I also started with Wheelock. After going through the main text (30+ years ago) I read through the texts in the Reader. Oh, and I studied privately with a great teacher (Dr. Richard Hebein at Bowling Green State University in Ohio USA).
A good methodology is what works for you. Many people here use Lingua Latina and/or D'Ooge to good effect, others use other texts.
"Good efect", however, is also a matter of your intentions. The variety of intentions re: learning Latin is well-displayed here on Textkit. Some want the mental exercise, some want to speak it, some want to read Augustan-age classics, some want to read the Bible and Patristic literature. A few of us even like reading the poetry. Some are more interested in the language per se.
The best advice I ever got was to 1) master the grammar essentials then 2) read, a lot. I'd now add 3) study Latin composition (if your intentions are serious enough).
When I began studying t'ai chi one of my teachers used to say "Ten years, good beginning". The truth is that *any* art requires a long apprenticeship, with typically from five to ten years of hard study. Since our schools don't seem to encourage this kind of involvement you'll have to find the strength for it within yourself.
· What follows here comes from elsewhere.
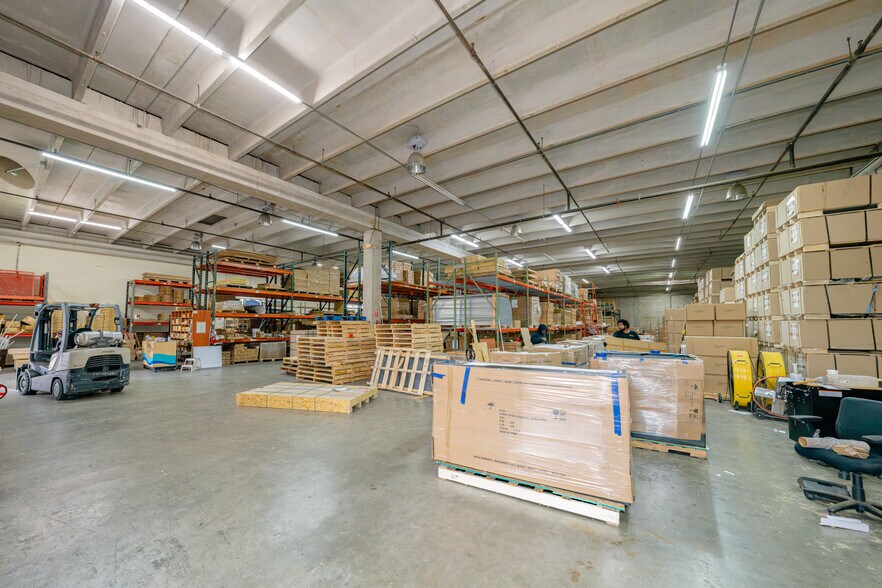 More Photos Of 4000 N 28th Ter, Hollywood Warehouse For Lease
We all want to improve our skills, and we must understand that regardless of method employed, it takes some serious amounts of time to master the language to the point of reading and comprehending at sight. Another anecdote from my t'ai chi studies: A student asked a teacher how long he'd have to work before he mastered the art. "Five years", replied the teacher. The student then asked, "What if I work twice as hard ?", to which the teacher responded "Ten years". The point is that mastery is far more than merely recognizing constructions. Vocabulary acquisition takes time, and then you need to read broadly enough to know the differences in usage. The assimilation of grammar, vocabulary, and usage simply takes time, and how much time it takes is very much a personal matter, even given optimal teaching methods.
But none of these hardships or difficulties should put you off from the task. "What is difficult is by definition not impossible". Know that the endeavor takes time and energy. Unless you're a Schliemann or Champollion or Lucus Eques you may need to make Herculean efforts in your passage to mastery. When you're flying through Liutprand or Petronius, you'll know why you made such efforts.
Btw: Yes, I can also write in Latin. But as Arnold Schoenberg wrote, "I'm not so interested in the fact that a man speaks Chinese. I'm interested in what he's saying." Composition is not a priority for me, but I will whole-heartedly agree with its recommendation towards quicker language mastery.
Similis sum folio de quo ludunt venti.